● Task brief: The lines to return are those from the line holding "美高梅MGM官网张强专访：回顾篮球历程" through the last line of the entries below, both included, written exactly and without pictures.

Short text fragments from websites

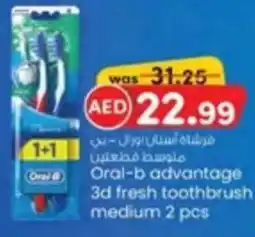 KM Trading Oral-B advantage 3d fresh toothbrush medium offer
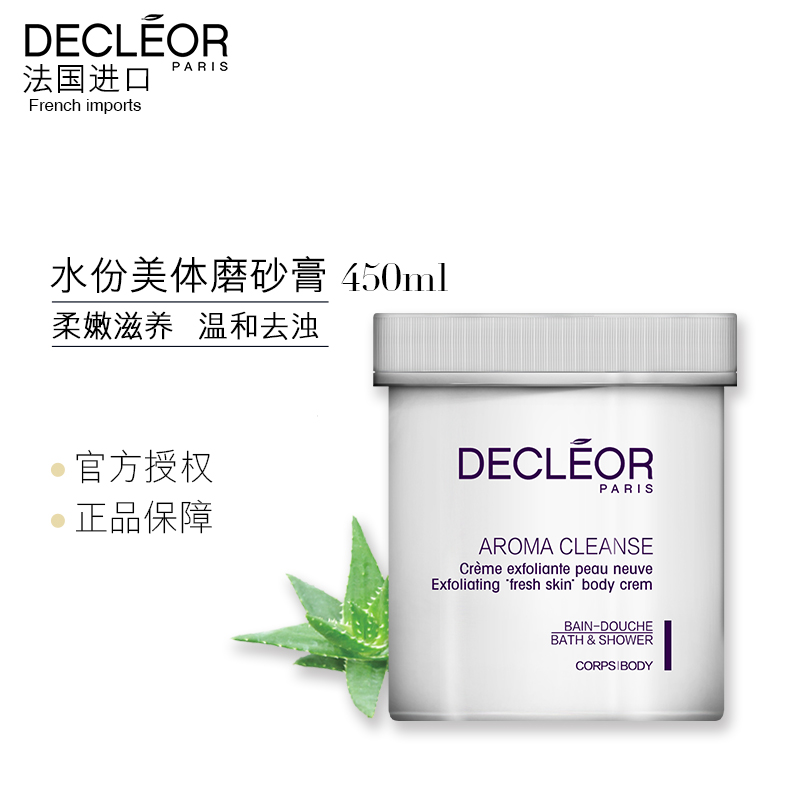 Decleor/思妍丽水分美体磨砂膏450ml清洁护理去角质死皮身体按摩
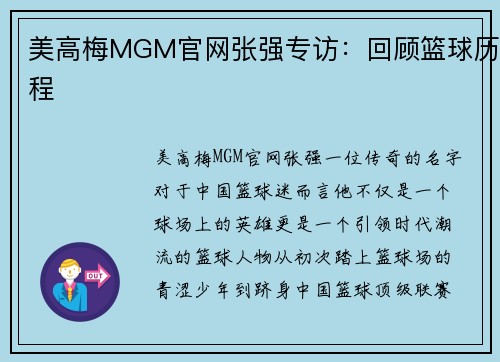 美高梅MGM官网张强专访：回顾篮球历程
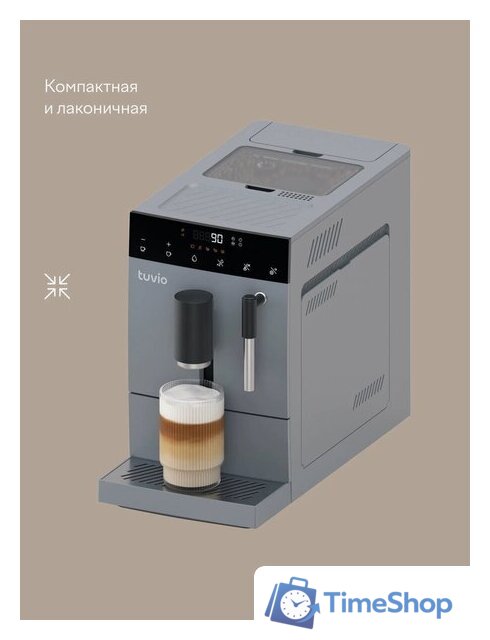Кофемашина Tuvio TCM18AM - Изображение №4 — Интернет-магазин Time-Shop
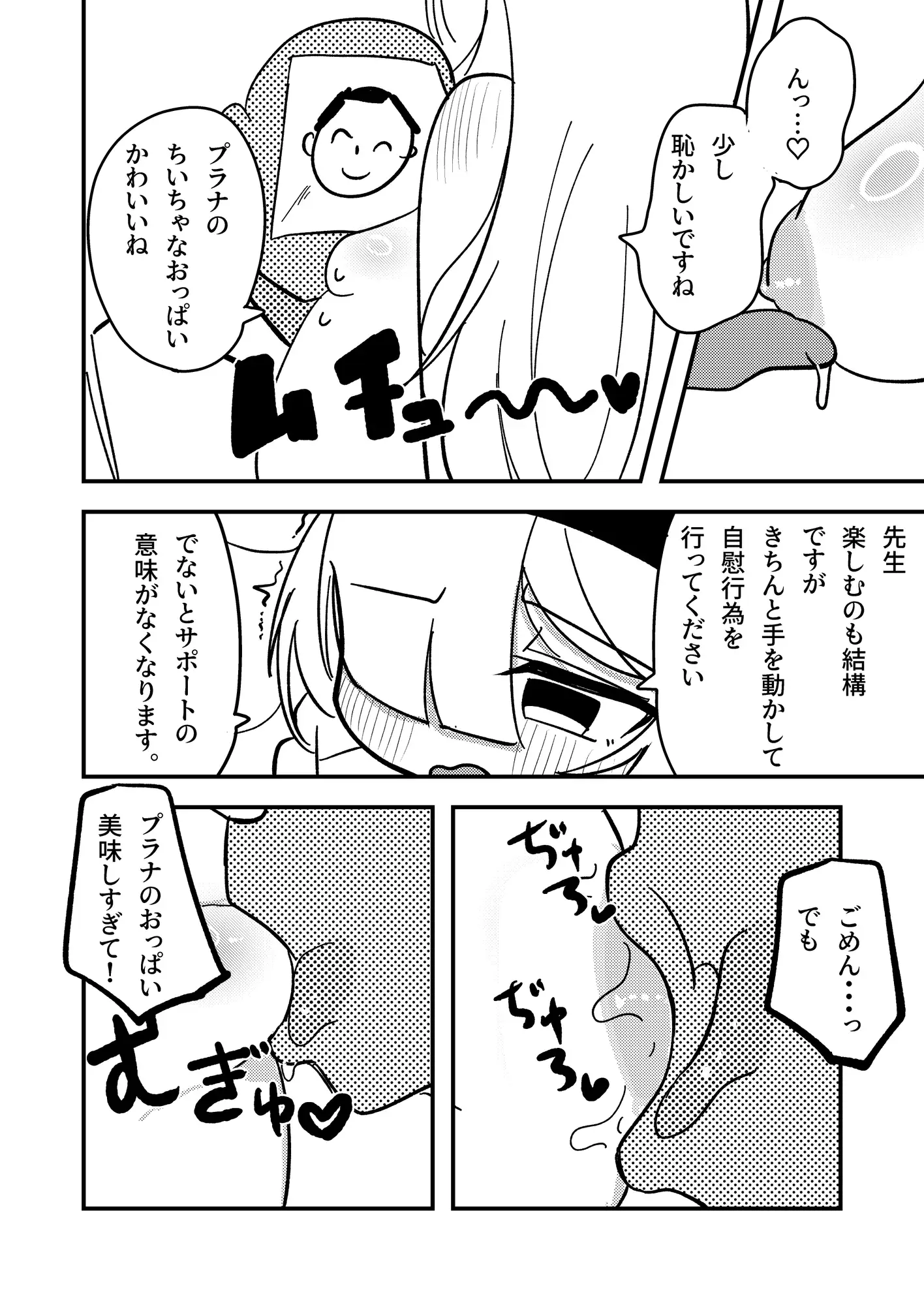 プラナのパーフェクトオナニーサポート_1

● Response:
 美高梅MGM官网张强专访：回顾篮球历程
Кофемашина Tuvio TCM18AM - Изображение №4 — Интернет-магазин Time-Shop
 プラナのパーフェクトオナニーサポート_1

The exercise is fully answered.